#### Supplied information
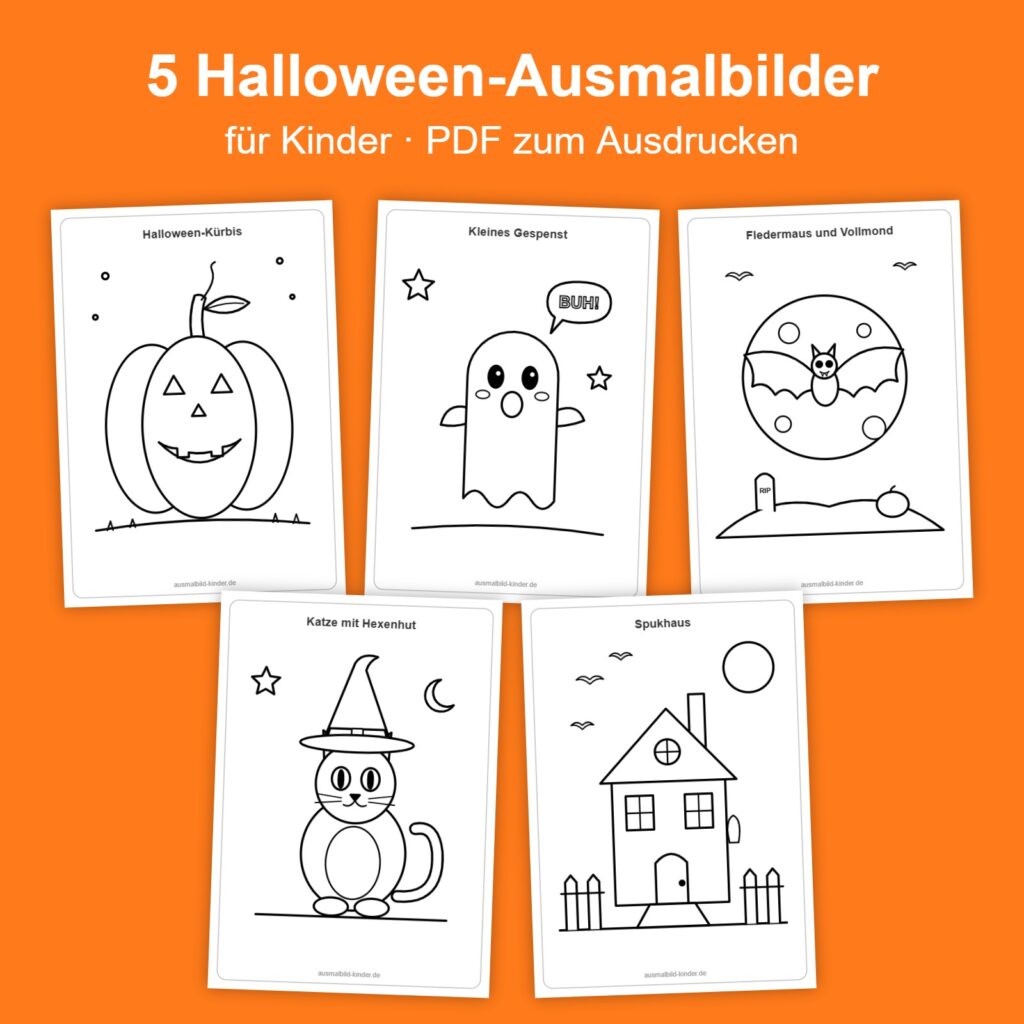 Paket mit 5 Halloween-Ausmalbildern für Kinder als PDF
---
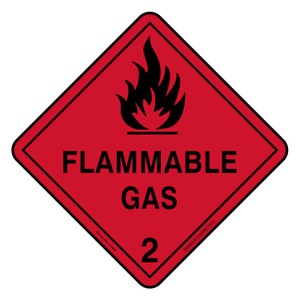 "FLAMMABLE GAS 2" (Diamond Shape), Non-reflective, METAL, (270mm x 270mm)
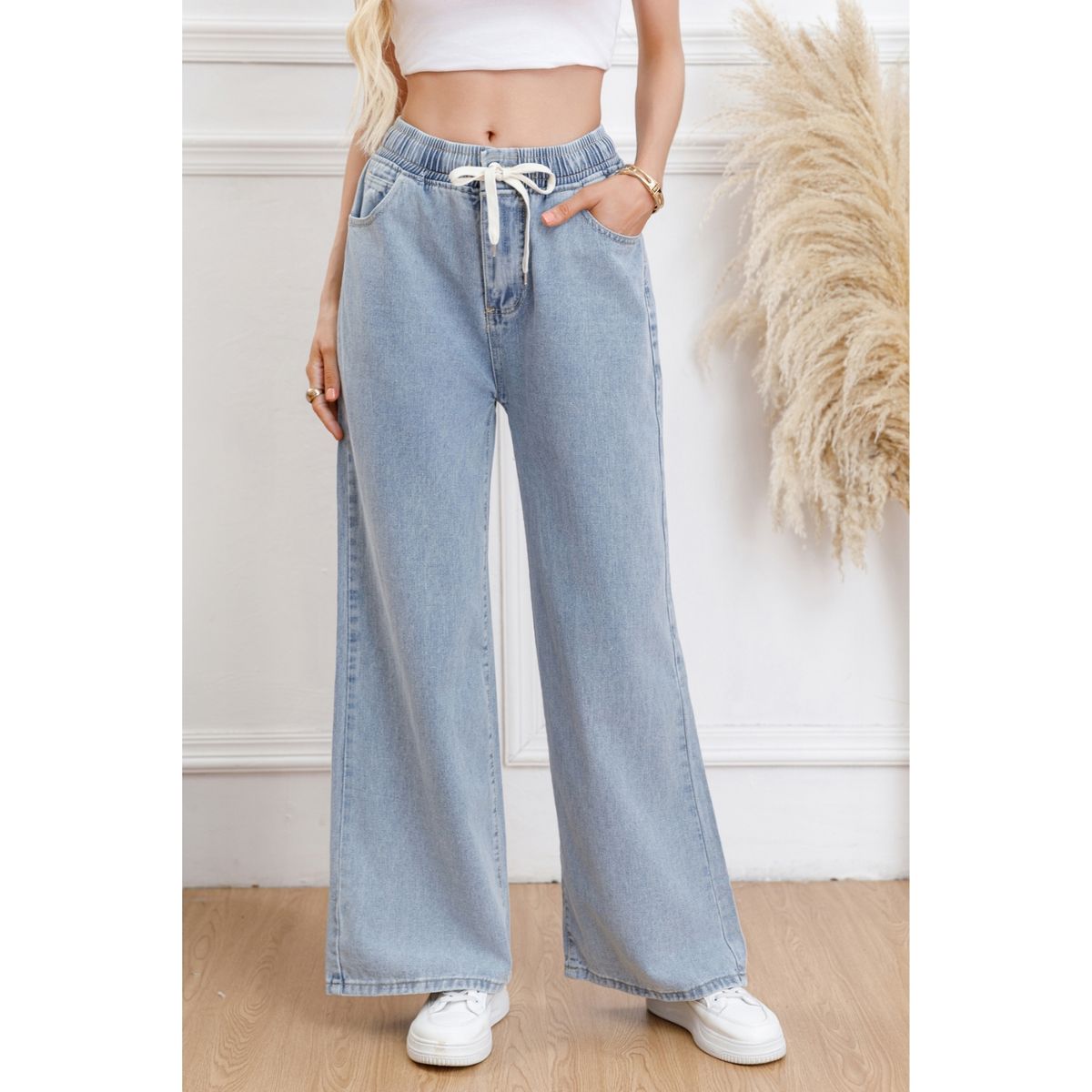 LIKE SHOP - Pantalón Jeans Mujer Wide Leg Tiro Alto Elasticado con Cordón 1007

#### Description of the task
From the listing above, please give again the lines that begin with the line holding "(270mm x 270mm)" and go on through the line holding "LIKE SHOP - Pantalón", exactly, both ends included, minus any picture.

#### Problem solution
 "FLAMMABLE GAS 2" (Diamond Shape), Non-reflective, METAL, (270mm x 270mm)
 LIKE SHOP - Pantalón Jeans Mujer Wide Leg Tiro Alto Elasticado con Cordón 1007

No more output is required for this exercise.